Pemilihan kepala daerah tidak hanya sebatas aktivitas politik belaka, setiap 5 tahun sekali kita dengan antusias menyambut calon-calon kepala daerah yang baru dengan semangat pembangunan dan kemajuan. Berbagai masalah sosial turut disorot dan digaungkan oleh masih-masing calon guna menunjukkan kualitas gagasan dan penawaran solusi atas penderitaan yang selama ini dikeluhkan rakyat.
Menggaungkan dan membahas serius masalah sosial memang penting untuk pembangunan daerah, namun seringkali topik-topik krusial yang lain seperti isu lingkungan hidup seakan-akan senyap dan tak dilirik dalam setiap janji kampanye para calon pemimpin daerah. Padahal gagasan dalam masalah lingkungan hidup adalah indikator utama bagi keseriusan pemerintah dalam mengelola wilayah negara. Masalah lingkungan hidup bagaikan kanker dalam raga manusia yang terus menggerogoti dan mengancam keberlangsungan hidup organisme di dalamnya.
Dilansir dari Detik.com, Jakarta sebagai wilayah metropolitan mempunyai panjang garis pantai sebesar 120 km. Jakarta menjadi kota pesisir yang masyhur sejak era kolonial hingga sekarang. Wilayah pesisir Jakarta merupakan wilayah vital bagi aktivitas ekonomi, perdagangan, dan perikanan. Wilayah pesisir tersebut menjadi tumpuan hidup bagi jutaan warga Jakarta karena disanalah tempat mereka tinggal dan mencari penghidupan. Sayangnya dari masa ke masa Jakarta mempunyai PR terkait keberlangsungan ekosistem pesisir yang belum juga terselesaikan dengan baik. Ancaman abrasi dan kenaikan air laut semakin nyata terlihat di depan mata warga Jakarta, dengan melihat data dari Detik.com menyebutkan bahwa garis pantai Jakarta sepanjang 46,2 km sedang dalam keadaan kritis, hal tersebut membuat kita menuntut pemerintah untuk serius dalam menghadapi persoalan ini. Masyarakat di utara Jakarta setiap harinya dibayangi oleh mimpi buruk tenggelamnya tempat tinggal mereka dengan melihat fakta bahwa sejak 1974, Jakarta diketahui telah mengalami penurunan hingga 4,5 meter akibat pengambilan air tanah secara berlebihan.
Tak hanya masyarakat Jakarta Utara, masyarakat yang bertempat tinggal di kepulauan seribu juga hidup dalam bayang-bayang mimpi buruk yang sama.
Menurut WALHI, Krisis iklim telah mengakibatkan setidaknya 23 pulau di wilayah kepulauan seribu terancam tenggelam, dan fakta yang lebih memprihatinkan adalah sebanyak 6 pulau di kepulauan seribu sudah tenggelam.

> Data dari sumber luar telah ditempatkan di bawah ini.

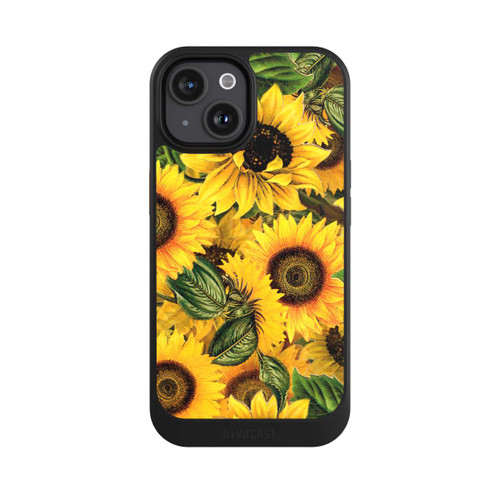 Apple iPhone 15 NIVOcore Sonnenblumenmuster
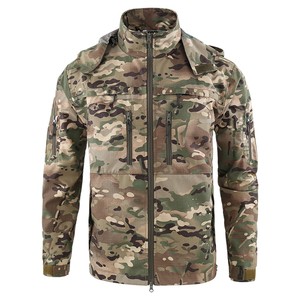 Casual Outdoor Sports Jacket <b>Green</b> <b>Top</b> Camouflage Fabric Hiking Cloth Hunting Jacket For <b>Men</b> - Product Image 1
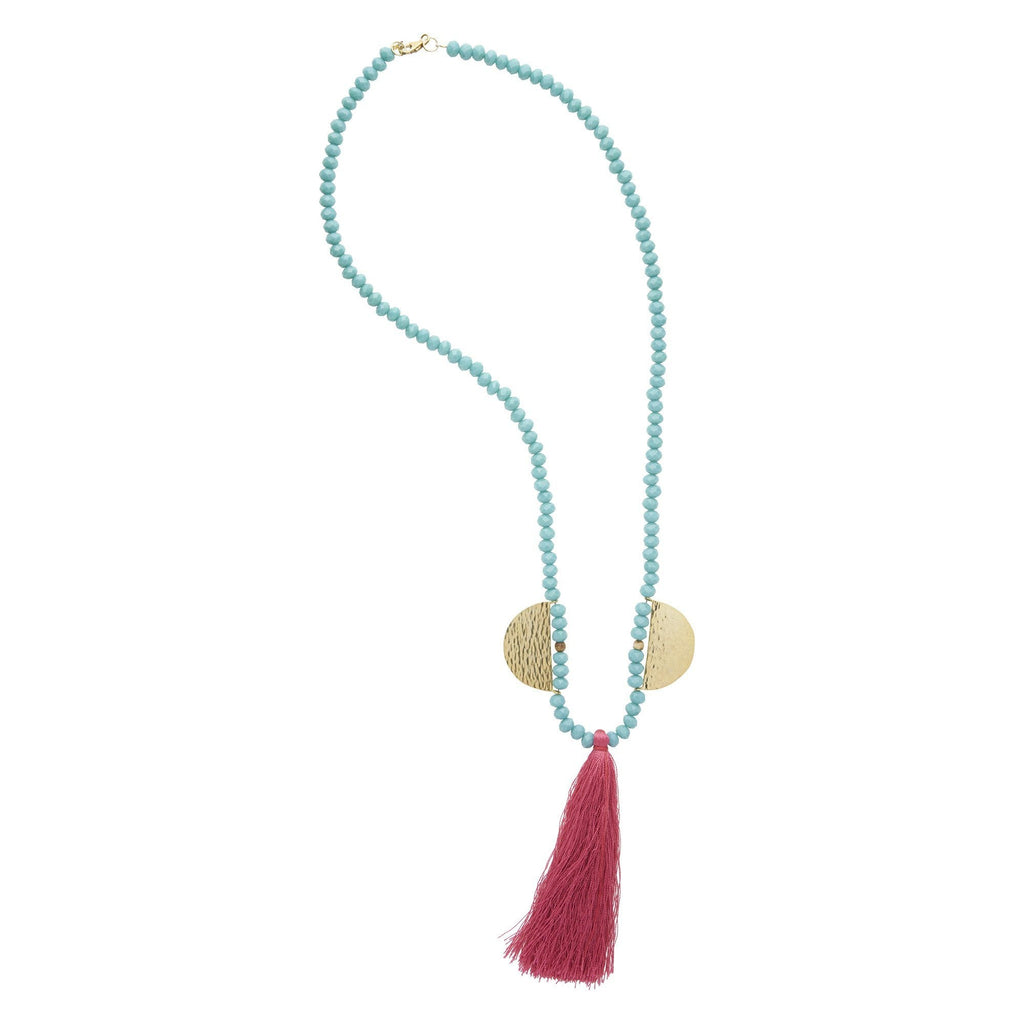 Faceted Bead Mala Necklace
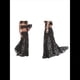 thumbnail image 3 of Falda Larga de Encaje para Mujer, de Transparente, Ajustada, Elegante para Playa y Verano. Negro L, 3 of 7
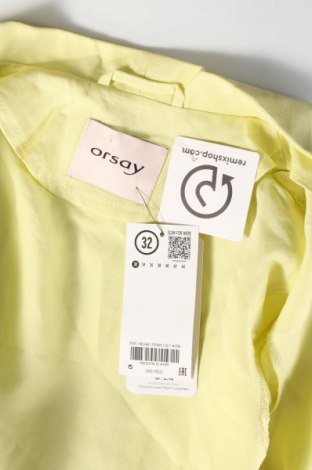 Damen Blazer Orsay, Größe XXS, Farbe Gelb, Preis 16,60 €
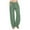 ZA-Green-deals of the day, variant on Frostluinai Casual Wide Leg Pants for Women Drawstring Elastic Waist Linen Palazzo Pants Solid Baggy Straight Leg Pants with Pockets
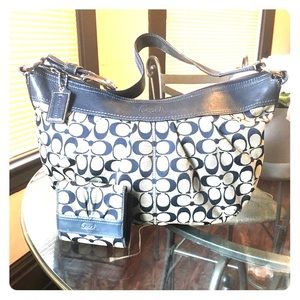 Coach bag and wallet
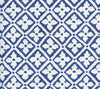 Puccini, Custom Navy on White Linen Cotton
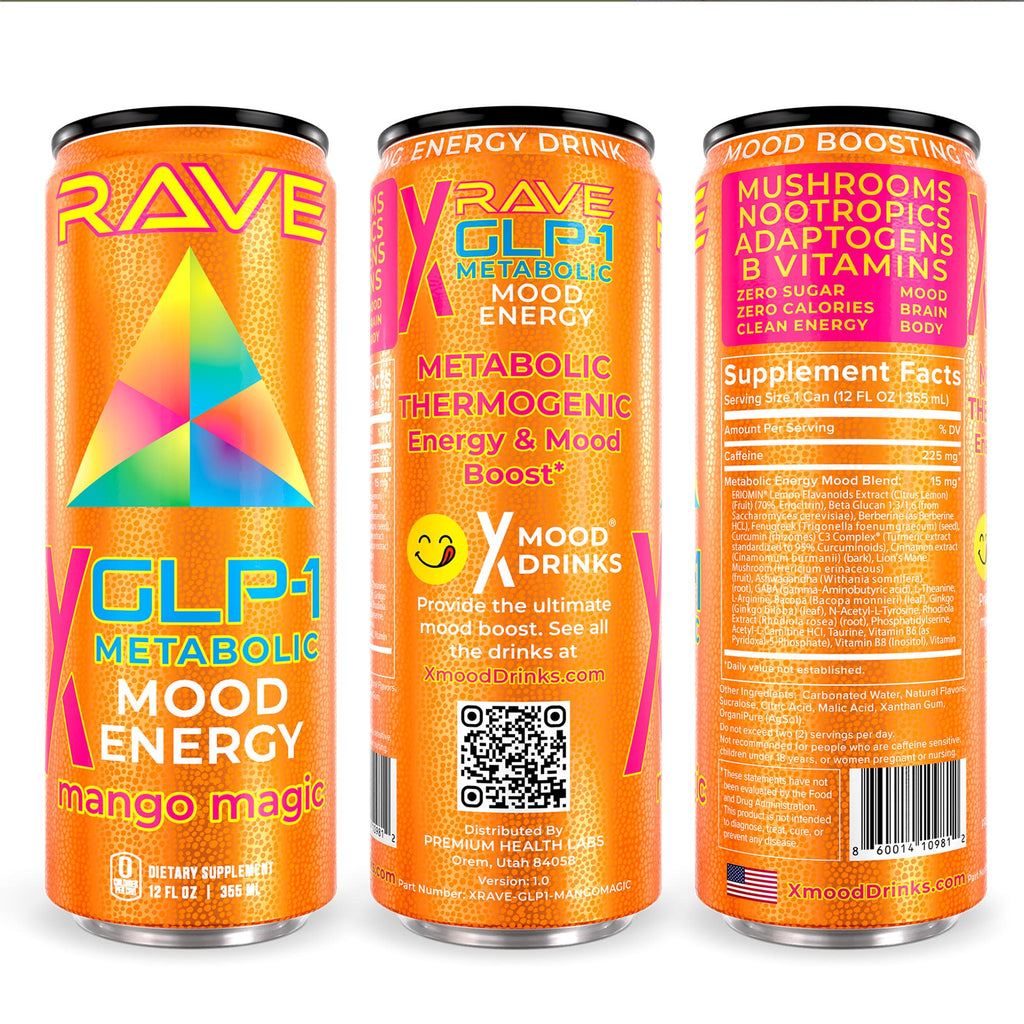 RAVE GLP-1 Metabolic Energy Drink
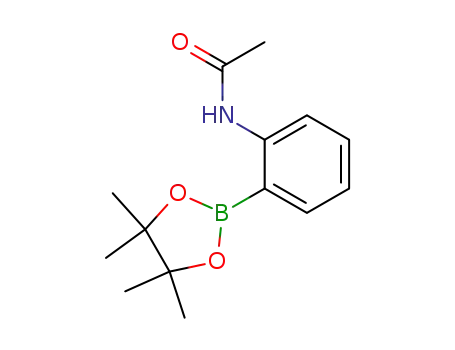 Molecular Structure of 380430-61-5 (2-Acetylaminophenylboronic acid pinacol ester)
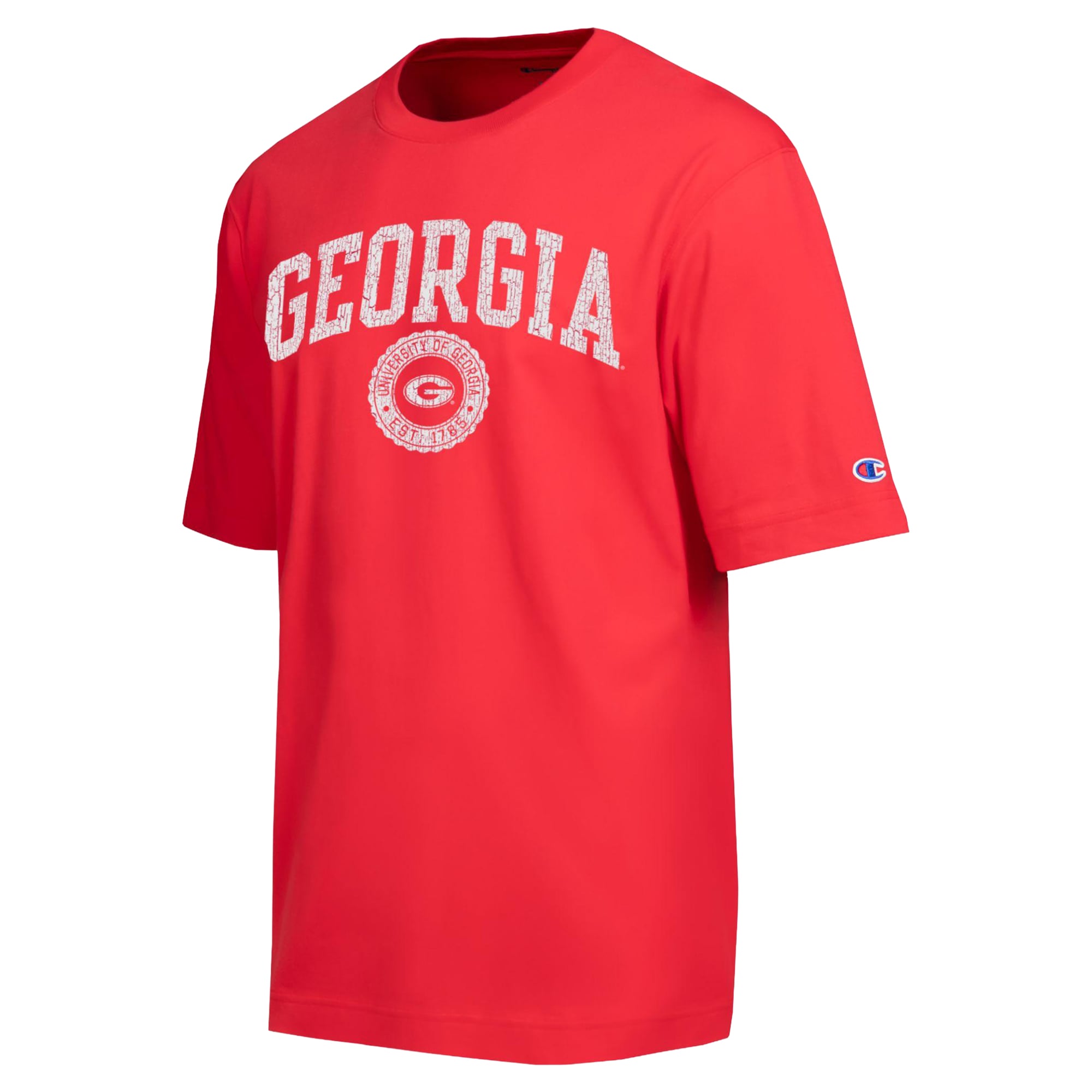 Men's Champion Red Georgia Bulldogs Scholar All-Star T-Shirt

Tenggelamnya pulau-pulau di Jakarta bukan semata-mata disebabkan karena krisis iklim namun juga aktivitas jahat manusia yang serakah dalam memanfaatkan alam. Contohnya saja penambangan pasir pantai untuk kebutuhan reklamasi baik di Jakarta maupun luar negeri yang semakin memperburuk kondisi ekosistem pesisir pulau.
Ancaman nyata dari krisis iklim dan tindakan eksploitasi pesisir seharusnya menjadi musuh utama pemerintah Jakarta dalam upaya memajukan provinsi Jakarta. Wilayah pesisir Jakarta memiliki potensi yang sangat besar jika dapat dikelola dengan baik, kawasan pulau seribu adalah surga yang dianugerahkan Tuhan bagi Jakarta, pemandangan gugusan pulau seribu dengan kekayaan lautnya menjadi daya tarik bagi para pelancong domestik maupun luar negeri.
Selain sektor pariwisata wilayah pesisir Jakarta juga memiliki potensi ekonomi perikanan yang dapat menghidupi jutaan masyarakat pesisir Jakarta. Namun potensi-potensi tersebut bisa menjadi sebuah mimpi dan angan-anagan belaka jika masalah krisis iklim dan lingkungan pesisir tidak ditangani dengan baik.
Menurut beberapa pengakuan warga yang saya temui di Pulau Pari,Kepulaluan Seribu, mereka saat ini semakin sulit untuk mencari ikan di wilayah laut kepuluan seribu, hasil tangkapan ikan yang mereka dapat tidak semaksimal dulu, para nelayan Pulau Pari mengaku bahwa mereka harus berlayar jauh hingga ke tengah lautan untuk mendapatkan ikan.Tak hanya tangkapan ikan, usaha budidaya ikan kerapu warga Pulau Pari juga terkena dampak dari krisis iklim yang berlangsung,ikan kerapu yang dibudidayakan tidak bisa dipelihara lagi akibat kenaikan suhu air laut.